Common Issues and Troubleshooting Tips

Sometimes, things don't go according to plan, and that is fine! Here are a few common issues and tips to troubleshoot your IPsec site-to-site VPN:

• Connectivity Issues: If you can't ping devices across the VPN, the firewall rules are often the culprit. Double-check your rules, making sure they allow traffic on the correct interfaces and between the correct networks. Also, ensure your local network settings on your devices are correct, and they know to route traffic to the OPNsense firewall.
• Pre-Shared Key Mismatch: Make sure the pre-shared key is identical on both firewalls.
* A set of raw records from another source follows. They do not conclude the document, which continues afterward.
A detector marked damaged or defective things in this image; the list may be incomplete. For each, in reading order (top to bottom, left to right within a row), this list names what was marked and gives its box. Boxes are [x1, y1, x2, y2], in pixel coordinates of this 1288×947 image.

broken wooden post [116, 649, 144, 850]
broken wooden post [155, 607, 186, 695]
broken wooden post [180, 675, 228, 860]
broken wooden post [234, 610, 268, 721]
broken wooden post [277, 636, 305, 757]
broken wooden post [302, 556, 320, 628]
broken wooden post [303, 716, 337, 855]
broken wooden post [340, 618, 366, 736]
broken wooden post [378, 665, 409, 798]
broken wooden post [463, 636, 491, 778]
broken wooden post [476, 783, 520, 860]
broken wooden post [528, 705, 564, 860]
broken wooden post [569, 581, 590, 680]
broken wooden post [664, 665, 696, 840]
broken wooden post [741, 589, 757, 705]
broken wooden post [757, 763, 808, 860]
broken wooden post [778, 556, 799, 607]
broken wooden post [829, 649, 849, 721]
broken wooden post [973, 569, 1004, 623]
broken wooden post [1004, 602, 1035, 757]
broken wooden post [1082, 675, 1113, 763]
A mismatch is a very common cause of failures. The IPsec tunnel won't establish if the keys don't match.
• NAT Traversal: If your firewalls are behind NAT devices, you need to enable NAT Traversal (NAT-T) in the Phase 1 settings. This allows IPsec traffic to traverse NAT devices. If this is not enabled, the IPsec tunnel will likely fail to establish.
• Incorrect Subnets: Verify that your local and remote network settings are correct. An incorrect subnet mask can prevent traffic from routing properly. Make sure the local and remote networks are correct.
• Firewall Blocking: Make sure your firewall isn't blocking IPsec traffic. Specifically, ensure that UDP port 500 (IKE) and UDP port 4500 (NAT-T) are allowed. Also check for protocol 50 (ESP).
• Logs: Check the OPNsense logs (System > Logs > IPsec) for error messages. The logs can give you valuable hints about what's going wrong. They will show you details about why the tunnel is failing.
• Phase 1 and Phase 2 Mismatches: Ensure that Phase 1 and Phase 2 settings match on both firewalls. This includes the encryption algorithms, hash algorithms, and DH groups. If these do not match, the tunnel will not establish.
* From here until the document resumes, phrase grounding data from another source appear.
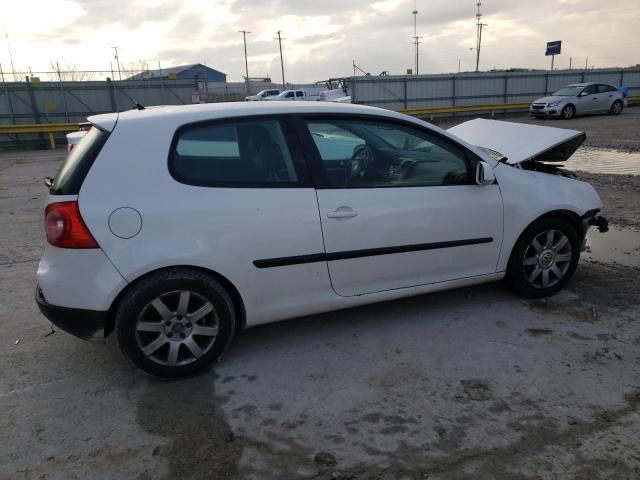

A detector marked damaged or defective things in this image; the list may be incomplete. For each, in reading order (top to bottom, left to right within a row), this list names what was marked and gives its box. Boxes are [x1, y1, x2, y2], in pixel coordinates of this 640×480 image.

damaged white hatchback [37, 103, 608, 376]
crumpled hood [450, 118, 584, 165]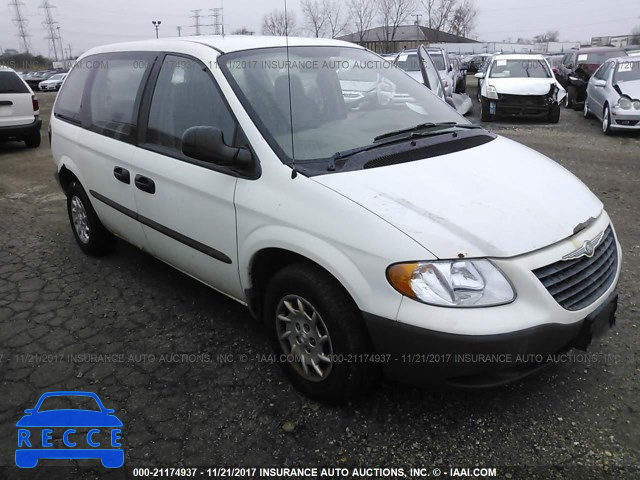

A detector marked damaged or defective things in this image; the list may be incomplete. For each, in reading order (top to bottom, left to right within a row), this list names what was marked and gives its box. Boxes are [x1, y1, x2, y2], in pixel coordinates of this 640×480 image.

damaged vehicle [470, 53, 564, 123]
damaged vehicle [556, 45, 628, 108]
damaged vehicle [584, 56, 640, 135]
damaged vehicle [53, 37, 620, 404]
Advanced OPNsense IPsec Configuration

For those of you who are looking to take your configuration to the next level, here are a few advanced configuration options:

• Dynamic DNS: If your public IP addresses are dynamic, consider using Dynamic DNS (DDNS). This allows the firewalls to automatically update their IP addresses. Configure this in Services > Dynamic DNS. This is helpful when your ISP assigns you a dynamic IP address.
• Multiple Subnets: If you need to connect multiple subnets at each site, configure multiple Phase 2 entries, one for each subnet. Be sure to use different local and remote networks. This allows for routing between multiple networks at each site.
• Monitoring: Use the built-in monitoring tools to monitor the VPN's health. You can set up alerts to notify you if the VPN goes down. This lets you know right away if something happens.
• High Availability: For critical environments, consider implementing high availability. This can be achieved using a second OPNsense firewall. Configure it as a backup in case the primary firewall fails. If the primary firewall goes down, the backup will take over automatically.
• Certificate Authentication: Instead of using a pre-shared key, you can use certificate-based authentication. This provides enhanced security but requires a Public Key Infrastructure (PKI) to manage certificates.

Conclusion

And there you have it! You've successfully configured an OPNsense IPsec site-to-site VPN. This can seem a little complicated, but with these steps, you should have no issues. This setup offers a secure and reliable way to connect your networks. Remember to regularly review your configuration and security settings to ensure your VPN remains secure. Always make sure to test your configuration to ensure that the setup will work as expected. And if you face any issues, don't hesitate to refer to the troubleshooting tips provided. Feel free to ask any questions if you run into any trouble, and happy networking, guys! Keep your networks secure, and enjoy the benefits of having a VPN! The information provided in this guide is for informational purposes only. It is recommended to have a good understanding of networking concepts and security before implementing a VPN. Always follow the best practices and security guidelines.